Через три часа лежала она на своей второй полке купейного вагона, и внизу ребенок, который почему-то не спал, а сидел вдвоем с матерью, глядя в окно, говорил спокойным задумчивым голосом:
— Вот и луну проехали…
Пациент ее мамы Петр Филаретович с женою встречали Ксению в Казарске, и даже не в самом Казарске, а на соседней станции. Хорошо быть дочерью курортного врача — тебя выходят встречать чуть ли не всей семьей, осчастливленной Джемушами.
Автобус, в котором они ехали в сам Казарск, был битком набит, в нем то и дело вспыхивали ссоры. Ругались щедро и с удовольствием:
— Что же вы совсем на меня навалились?
— А на кого мне наваливаться?
— На свою жену наваливайся.
— На мою жену сосед навалился.
— Мне ваш перегар нюхать без надобности.
— Яша, не связывайся с ней — разве ты не видишь, что от нее всего можно ожидать?
— Ах-ах! Вы это сурьезно?
— Вы уже полчаса стоите на моей ноге.
— У вас ноги не годятся для автобуса — вам надо свою машину иметь.

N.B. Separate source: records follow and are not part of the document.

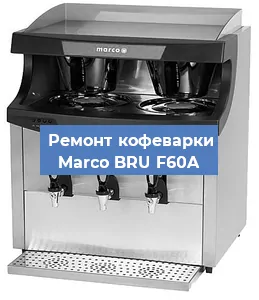 Замена дренажного клапана на кофемашине Marco BRU F60A в Перми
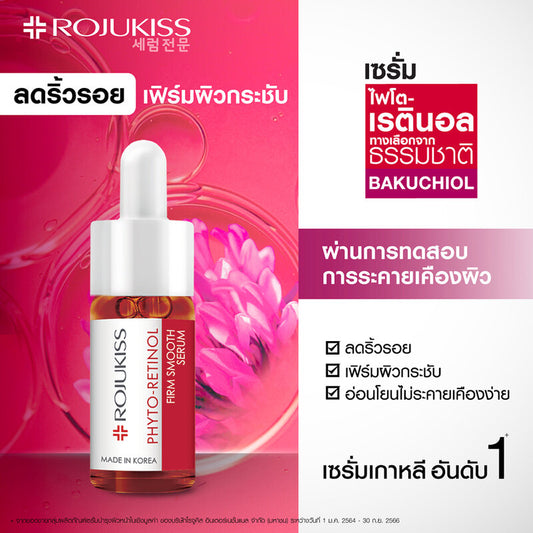 Rojukiss Phyto-Retinol Firm Smooth Serum 7.5ml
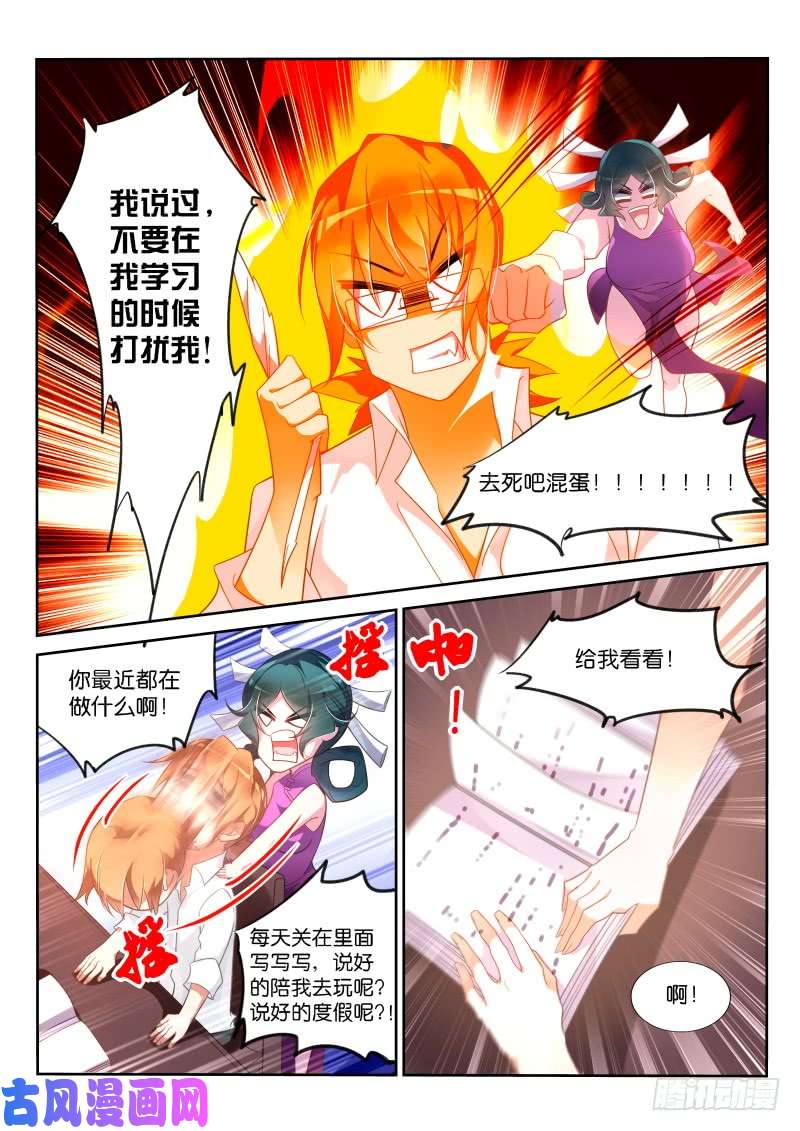 妖精种植手册361-注孤生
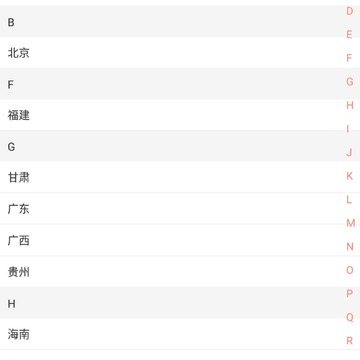危险化学品考试 危险化学品考试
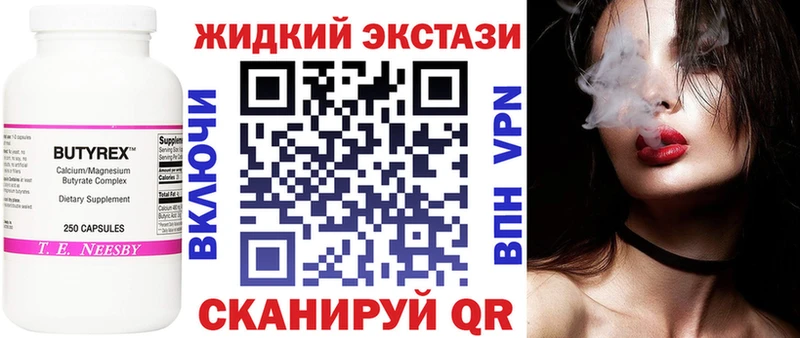 Бутират оксана  Новочебоксарск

— Вы не умничайте, хулиган вы нахальный.
— Люблю пожары — тетя, дай ему в ухо!
Город был жаркий. Наступил вечер, а прохлады все не было.
Пили чай с вишней. Разговаривали. Петр Филаретович, металлург, и, кажется, даже известный в своем деле, говорил неторопливо, но охотно.
— А кто вам сказал, что жизнь легка? — говорил он, повторяя — кажется, даже дословно — мамину подругу, повторяя и Александру Никитичну, и всех тех, кого уже и не упомнить, но которые своими рассказами говорили, в сущности, то же. И было это облегченьем — что жизнь не легка, а если вдруг покажется, что легка — так ведь это ложь, с обязательным, потом еще большим утяжеленьем, и уже не надо было нестись за той возможностью прозрачно-чистого бытия, каким могло оно стать рядом с Виталием.
Разморило, хотелось уже спать, но сказать об этом казалось невозможным — гость не должен быть чрезмерен в своих притязаниях, он должен подлаживаться к привычкам хозяев, чрезмерность ему положена только в одном — в улыбках и благожелательности.
Знакомые предложили у них и жить, но этого нельзя было допустить. От них и так требовалось самое важное — прописать ее.
Квартиру нашла она на другой же день. Пошла по улице в сторону от базара, глазея по сторонам. За нераспечатываемыми и летом окнами стояли стопки со старою, серой от пыли солью. Почти в каждом дворе обветривалась рассыпанная картошка. Свернула в переулок. У первого дома не было никого, и на звонок в калитку не вышли. Во втором и третьем доме ей отказали. У калитки четвертого дома стояла высокая старуха.
— Не пустите на квартиру? — спросила ее Ксения.
— А сколько?
— Я одна.
— Нет.
— Я бы как за двоих платила.
— Нет.
Ну, нет — так нет. Ксения пошла дальше.
— Постой, — окликнула ее старуха. — Подойди. Откуда приехала? Студентка?